I felt like this volume took a slightly closer look at Shiro's life than at Kenji's, although Yoshinaga covered the same sort of stuff for both of them. There were chapters showing both of them at work (Kenji dealing with a difficult client, and Shiro working on a divorce case for a male domestic violence victim), there was a little about both their past relationships, and both of them talked about their parents. Kenji's parents didn't seem to be a part of his life anymore, but Shiro's were. At first, I thought Shiro's parents were more supportive (overly and incorrectly so, in his mom's case), and he just resisted being around them because they were exhausting about it. That was...not really the case. I suppose I should have gotten the hint from Shiro's earlier phone conversation with his mother.
All in all, I felt this volume had a good mix of serious stuff, humor, and calming cooking moments. The way some things were handled didn't always feel quite right to me or felt like a bit too much (please stop worrying about whether you look gay or manly, Shiro), but I enjoyed the volume overall and look forward to reading more about the characters and their lives.
My favorite quote: “And thus began Kayoko Tominaga and Shiro Kakei's relationship. As partners who go halfsies on cheap edible goods.” (42)
It's tempting, but somehow I'll resist including any of Yoshinaga's other works in my read-alikes list. Seriously, though, go check out her backlist. She has several works that would be perfect for those looking for more foodie stuff.
- The Drops of God (manga) by Tadashi Agi, art by Shu Okimoto - I haven't read this yet, but, from what I've heard, this series is a drama focused on wine. Those interested in more foodie manga might want to give it a shot.
- Ristorante Paradiso (manga) by Natsume Ono - Not a foodie manga, but sort of related. The main character travels to a restaurant in Rome in order to confront her mother, who abandoned her when she was little in order to be with the man who now owns the restaurant. Lots of character-oriented drama. I've written about this one-shot manga.
- A Bride's Story (manga) by Kaoru Mori - Want another gorgeous slice-of-life series? Then you might want to give this a try. I've written about the first volume.
- Oishinbo (manga) by Tetsu Kariya, art by Akira Hanasaki - I haven't read this, but it's come up again and again in my searches for foodie manga, so I'm listing it. From what I understand, it's about a journalist (who's also a trained gourmet chef) and his coworker, who travel Japan searching for the best foods.
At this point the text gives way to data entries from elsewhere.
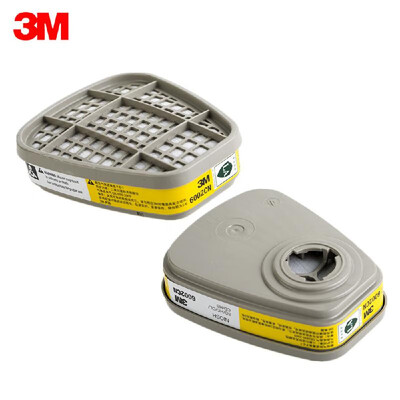 

2Pcs 3M 6006 Multi Acid Gas & Organic Vapor Cartridge for Full Facepieces Respirators Accessories Personal Protective Equippment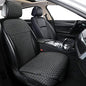 Breathable Car Seat Cover,Luxury Front Seat Cover,Durable and Non Slip,Polyester Silk Material, Universal Car Seat Cushion,Suitable for All Seasons,Airbag Compatible (Black，1PC) - color: Black-Front-1pc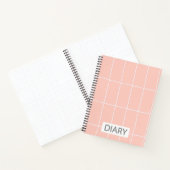 Journal par bandes rose et blanc (Intérieur)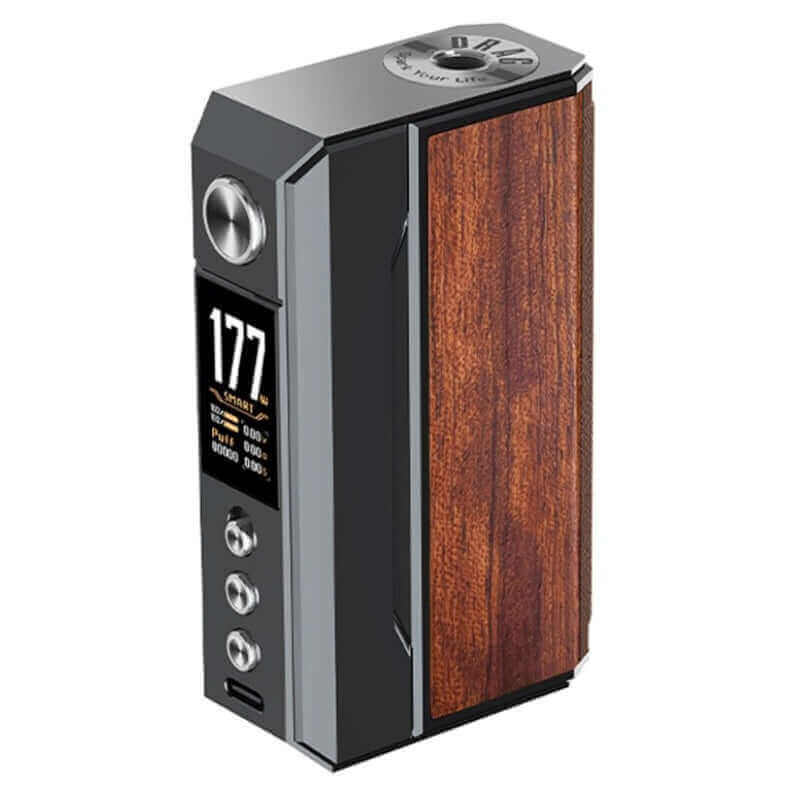Box Mod Voopoo Drag 4 177W Gun Metal Rosewood | VAPEVO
- Yakitate!! Japan (manga) by Takashi Hashiguchi - This series is much, much more off-the-wall than Yoshinaga's, but it might still work for those looking for more foodie manga. The main character is obsessed with the art of bread making. The general feel of the series is similar to that of an over-the-top sports competition series, but some (many? most?) of the breads are based on real-life breads. I remember at least one of the volumes including a recipe. I've written about volumes 11 and 12.